WORK TASK
Each line of the data below containing "Cotton" needs to be listed.

Caption-style text data
------------------------------------------------------------

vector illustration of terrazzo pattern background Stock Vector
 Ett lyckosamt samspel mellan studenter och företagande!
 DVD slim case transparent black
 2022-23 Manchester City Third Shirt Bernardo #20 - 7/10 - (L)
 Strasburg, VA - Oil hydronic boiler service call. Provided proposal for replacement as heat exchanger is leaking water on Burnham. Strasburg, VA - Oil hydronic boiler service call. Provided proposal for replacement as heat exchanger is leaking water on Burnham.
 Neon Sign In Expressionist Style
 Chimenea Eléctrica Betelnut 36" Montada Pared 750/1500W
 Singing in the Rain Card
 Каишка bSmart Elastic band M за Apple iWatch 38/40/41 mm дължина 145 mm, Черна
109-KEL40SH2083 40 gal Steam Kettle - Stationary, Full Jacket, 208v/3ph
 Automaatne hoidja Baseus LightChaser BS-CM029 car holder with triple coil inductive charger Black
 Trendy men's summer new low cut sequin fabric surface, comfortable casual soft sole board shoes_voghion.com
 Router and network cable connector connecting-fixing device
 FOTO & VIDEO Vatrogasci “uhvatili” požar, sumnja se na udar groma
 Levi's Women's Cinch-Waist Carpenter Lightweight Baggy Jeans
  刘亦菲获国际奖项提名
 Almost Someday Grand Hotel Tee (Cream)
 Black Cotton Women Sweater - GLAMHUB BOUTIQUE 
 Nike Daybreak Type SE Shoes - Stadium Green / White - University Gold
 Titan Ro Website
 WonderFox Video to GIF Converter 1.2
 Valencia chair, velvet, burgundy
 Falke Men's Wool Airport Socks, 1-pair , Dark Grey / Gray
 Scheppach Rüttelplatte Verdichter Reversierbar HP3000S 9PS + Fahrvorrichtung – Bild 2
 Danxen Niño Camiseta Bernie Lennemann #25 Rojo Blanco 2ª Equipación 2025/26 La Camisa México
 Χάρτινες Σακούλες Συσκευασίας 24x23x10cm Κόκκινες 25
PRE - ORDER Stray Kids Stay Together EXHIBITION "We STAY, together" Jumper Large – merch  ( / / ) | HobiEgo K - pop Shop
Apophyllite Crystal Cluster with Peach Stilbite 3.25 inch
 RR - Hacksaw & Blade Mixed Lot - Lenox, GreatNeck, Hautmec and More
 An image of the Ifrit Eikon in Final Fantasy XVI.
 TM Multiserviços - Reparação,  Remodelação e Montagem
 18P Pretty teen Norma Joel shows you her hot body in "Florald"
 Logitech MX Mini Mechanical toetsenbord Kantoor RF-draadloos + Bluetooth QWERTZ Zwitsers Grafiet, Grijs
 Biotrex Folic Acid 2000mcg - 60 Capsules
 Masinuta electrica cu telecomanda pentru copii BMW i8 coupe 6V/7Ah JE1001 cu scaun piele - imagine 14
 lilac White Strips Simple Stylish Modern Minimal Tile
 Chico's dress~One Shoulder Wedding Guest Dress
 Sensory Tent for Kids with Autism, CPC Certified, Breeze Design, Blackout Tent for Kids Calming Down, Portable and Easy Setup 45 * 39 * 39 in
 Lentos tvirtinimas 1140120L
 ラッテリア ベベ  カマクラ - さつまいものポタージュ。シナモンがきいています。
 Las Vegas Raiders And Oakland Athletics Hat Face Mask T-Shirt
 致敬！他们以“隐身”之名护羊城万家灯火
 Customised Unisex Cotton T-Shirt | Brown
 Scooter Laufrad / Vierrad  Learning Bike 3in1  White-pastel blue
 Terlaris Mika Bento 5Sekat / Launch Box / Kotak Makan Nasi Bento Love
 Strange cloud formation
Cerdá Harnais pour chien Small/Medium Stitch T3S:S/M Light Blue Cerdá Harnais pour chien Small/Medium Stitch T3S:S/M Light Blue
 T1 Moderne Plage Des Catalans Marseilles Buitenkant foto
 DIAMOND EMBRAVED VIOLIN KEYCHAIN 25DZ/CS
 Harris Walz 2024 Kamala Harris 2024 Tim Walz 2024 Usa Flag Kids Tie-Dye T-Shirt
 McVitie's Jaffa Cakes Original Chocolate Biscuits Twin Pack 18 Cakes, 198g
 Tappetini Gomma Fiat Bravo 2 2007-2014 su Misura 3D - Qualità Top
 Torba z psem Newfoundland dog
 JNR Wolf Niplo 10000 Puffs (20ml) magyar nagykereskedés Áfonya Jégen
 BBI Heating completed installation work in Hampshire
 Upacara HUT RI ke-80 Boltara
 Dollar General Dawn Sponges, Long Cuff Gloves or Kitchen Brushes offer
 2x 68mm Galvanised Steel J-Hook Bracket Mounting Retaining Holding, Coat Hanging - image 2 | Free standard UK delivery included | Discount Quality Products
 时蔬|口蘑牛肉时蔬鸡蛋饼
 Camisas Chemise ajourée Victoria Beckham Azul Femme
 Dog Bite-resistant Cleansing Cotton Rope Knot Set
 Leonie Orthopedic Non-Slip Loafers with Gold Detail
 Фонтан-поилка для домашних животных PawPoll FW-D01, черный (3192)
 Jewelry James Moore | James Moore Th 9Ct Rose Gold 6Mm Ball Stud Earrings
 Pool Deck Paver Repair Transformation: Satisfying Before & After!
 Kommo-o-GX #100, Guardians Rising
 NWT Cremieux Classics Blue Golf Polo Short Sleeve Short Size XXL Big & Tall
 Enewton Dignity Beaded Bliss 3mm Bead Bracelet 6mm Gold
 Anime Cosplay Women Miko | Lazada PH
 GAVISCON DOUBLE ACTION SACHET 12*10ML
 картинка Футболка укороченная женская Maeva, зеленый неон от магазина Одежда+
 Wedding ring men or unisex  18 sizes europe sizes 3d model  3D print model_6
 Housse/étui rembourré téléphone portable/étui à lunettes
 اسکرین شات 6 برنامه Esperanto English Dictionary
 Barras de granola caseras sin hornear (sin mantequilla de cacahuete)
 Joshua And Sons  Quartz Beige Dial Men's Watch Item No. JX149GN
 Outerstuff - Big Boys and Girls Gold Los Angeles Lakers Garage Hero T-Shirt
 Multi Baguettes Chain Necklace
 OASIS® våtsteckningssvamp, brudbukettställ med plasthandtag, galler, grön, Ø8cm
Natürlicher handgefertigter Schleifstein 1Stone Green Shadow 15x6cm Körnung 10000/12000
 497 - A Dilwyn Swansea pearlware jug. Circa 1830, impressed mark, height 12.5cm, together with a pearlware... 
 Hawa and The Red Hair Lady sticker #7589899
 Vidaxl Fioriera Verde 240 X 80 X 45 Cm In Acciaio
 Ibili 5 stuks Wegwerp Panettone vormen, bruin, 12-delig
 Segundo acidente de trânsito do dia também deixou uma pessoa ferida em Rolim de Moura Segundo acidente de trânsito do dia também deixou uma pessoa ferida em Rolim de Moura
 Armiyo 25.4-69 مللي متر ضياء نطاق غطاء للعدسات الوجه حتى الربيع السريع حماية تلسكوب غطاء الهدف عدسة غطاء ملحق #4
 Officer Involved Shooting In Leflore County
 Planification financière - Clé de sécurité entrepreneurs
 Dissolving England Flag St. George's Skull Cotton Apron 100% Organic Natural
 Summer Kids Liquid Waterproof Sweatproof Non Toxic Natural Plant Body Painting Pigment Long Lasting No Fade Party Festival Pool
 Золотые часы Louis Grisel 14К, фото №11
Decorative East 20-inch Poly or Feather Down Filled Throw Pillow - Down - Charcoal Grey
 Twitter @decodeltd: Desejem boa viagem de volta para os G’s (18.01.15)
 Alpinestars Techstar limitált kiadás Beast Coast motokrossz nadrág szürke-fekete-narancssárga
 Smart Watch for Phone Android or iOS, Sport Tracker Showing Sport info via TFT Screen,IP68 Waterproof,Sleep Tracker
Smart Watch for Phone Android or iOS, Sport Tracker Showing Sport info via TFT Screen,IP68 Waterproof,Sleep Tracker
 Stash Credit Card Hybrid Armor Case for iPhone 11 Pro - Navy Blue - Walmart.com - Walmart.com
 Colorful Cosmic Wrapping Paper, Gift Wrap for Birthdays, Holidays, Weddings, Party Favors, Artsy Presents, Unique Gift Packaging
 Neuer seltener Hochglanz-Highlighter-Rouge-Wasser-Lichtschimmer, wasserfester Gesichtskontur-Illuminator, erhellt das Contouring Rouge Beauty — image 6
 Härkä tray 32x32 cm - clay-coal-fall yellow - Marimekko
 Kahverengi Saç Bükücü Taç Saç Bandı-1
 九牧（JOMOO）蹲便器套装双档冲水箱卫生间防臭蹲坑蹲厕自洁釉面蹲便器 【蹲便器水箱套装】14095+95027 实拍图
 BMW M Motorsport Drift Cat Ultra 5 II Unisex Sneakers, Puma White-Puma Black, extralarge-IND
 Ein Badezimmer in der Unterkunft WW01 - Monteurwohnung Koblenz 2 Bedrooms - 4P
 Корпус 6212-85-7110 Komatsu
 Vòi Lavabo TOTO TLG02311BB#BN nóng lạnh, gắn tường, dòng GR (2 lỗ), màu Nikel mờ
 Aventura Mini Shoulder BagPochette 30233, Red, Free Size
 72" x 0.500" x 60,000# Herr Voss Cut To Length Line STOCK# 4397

------------------------------------------------------------

SOLUTION TO THE EXERCISE
 Black Cotton Women Sweater - GLAMHUB BOUTIQUE 
 Customised Unisex Cotton T-Shirt | Brown
 Dog Bite-resistant Cleansing Cotton Rope Knot Set
 Dissolving England Flag St. George's Skull Cotton Apron 100% Organic Natural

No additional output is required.